Top of Material provided

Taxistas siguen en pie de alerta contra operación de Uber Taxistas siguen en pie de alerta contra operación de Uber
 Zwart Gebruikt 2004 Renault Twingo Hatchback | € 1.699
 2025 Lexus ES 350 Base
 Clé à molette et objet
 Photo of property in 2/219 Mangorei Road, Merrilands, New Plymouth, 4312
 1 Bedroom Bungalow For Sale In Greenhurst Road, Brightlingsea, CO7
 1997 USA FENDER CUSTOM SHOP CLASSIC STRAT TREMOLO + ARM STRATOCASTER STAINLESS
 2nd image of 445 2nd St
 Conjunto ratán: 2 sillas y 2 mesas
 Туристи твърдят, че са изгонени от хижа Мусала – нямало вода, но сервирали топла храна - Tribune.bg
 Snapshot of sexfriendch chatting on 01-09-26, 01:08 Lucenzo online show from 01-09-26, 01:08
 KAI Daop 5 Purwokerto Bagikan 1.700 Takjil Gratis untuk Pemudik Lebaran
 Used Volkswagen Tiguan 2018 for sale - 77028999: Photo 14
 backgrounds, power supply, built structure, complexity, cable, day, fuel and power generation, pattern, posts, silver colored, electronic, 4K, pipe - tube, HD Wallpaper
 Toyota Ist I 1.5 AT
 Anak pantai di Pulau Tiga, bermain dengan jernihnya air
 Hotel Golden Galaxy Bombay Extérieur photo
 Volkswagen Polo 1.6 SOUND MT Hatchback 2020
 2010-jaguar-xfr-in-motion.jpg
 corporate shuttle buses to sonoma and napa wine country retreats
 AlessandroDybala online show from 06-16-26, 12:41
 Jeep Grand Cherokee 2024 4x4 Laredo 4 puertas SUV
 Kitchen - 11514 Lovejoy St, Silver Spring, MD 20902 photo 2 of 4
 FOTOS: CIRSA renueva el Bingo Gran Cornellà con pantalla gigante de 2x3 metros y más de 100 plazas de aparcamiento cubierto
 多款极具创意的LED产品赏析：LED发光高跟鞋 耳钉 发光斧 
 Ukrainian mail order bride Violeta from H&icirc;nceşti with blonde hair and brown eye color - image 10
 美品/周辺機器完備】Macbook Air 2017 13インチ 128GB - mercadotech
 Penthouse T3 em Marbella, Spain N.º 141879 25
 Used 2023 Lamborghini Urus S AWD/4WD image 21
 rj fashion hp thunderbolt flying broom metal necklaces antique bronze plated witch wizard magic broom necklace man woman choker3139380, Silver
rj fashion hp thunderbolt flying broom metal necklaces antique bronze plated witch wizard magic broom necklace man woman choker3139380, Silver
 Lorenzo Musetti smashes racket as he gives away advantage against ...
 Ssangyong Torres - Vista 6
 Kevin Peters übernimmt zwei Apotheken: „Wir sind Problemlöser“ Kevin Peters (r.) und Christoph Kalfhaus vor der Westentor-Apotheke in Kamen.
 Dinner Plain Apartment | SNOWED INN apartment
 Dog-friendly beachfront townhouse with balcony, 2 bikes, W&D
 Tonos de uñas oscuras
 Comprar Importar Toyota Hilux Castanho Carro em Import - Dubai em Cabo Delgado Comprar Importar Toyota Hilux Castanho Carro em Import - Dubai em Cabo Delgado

Bottom of Material provided

Task instructions => Write the opening line of the data above and every line after it, exactly, stopping once you have written the line with "Conjunto ratán: 2 sillas y 2 mesas".

Task result =>
Taxistas siguen en pie de alerta contra operación de Uber Taxistas siguen en pie de alerta contra operación de Uber
 Zwart Gebruikt 2004 Renault Twingo Hatchback | € 1.699
 2025 Lexus ES 350 Base
 Clé à molette et objet
 Photo of property in 2/219 Mangorei Road, Merrilands, New Plymouth, 4312
 1 Bedroom Bungalow For Sale In Greenhurst Road, Brightlingsea, CO7
 1997 USA FENDER CUSTOM SHOP CLASSIC STRAT TREMOLO + ARM STRATOCASTER STAINLESS
 2nd image of 445 2nd St
 Conjunto ratán: 2 sillas y 2 mesas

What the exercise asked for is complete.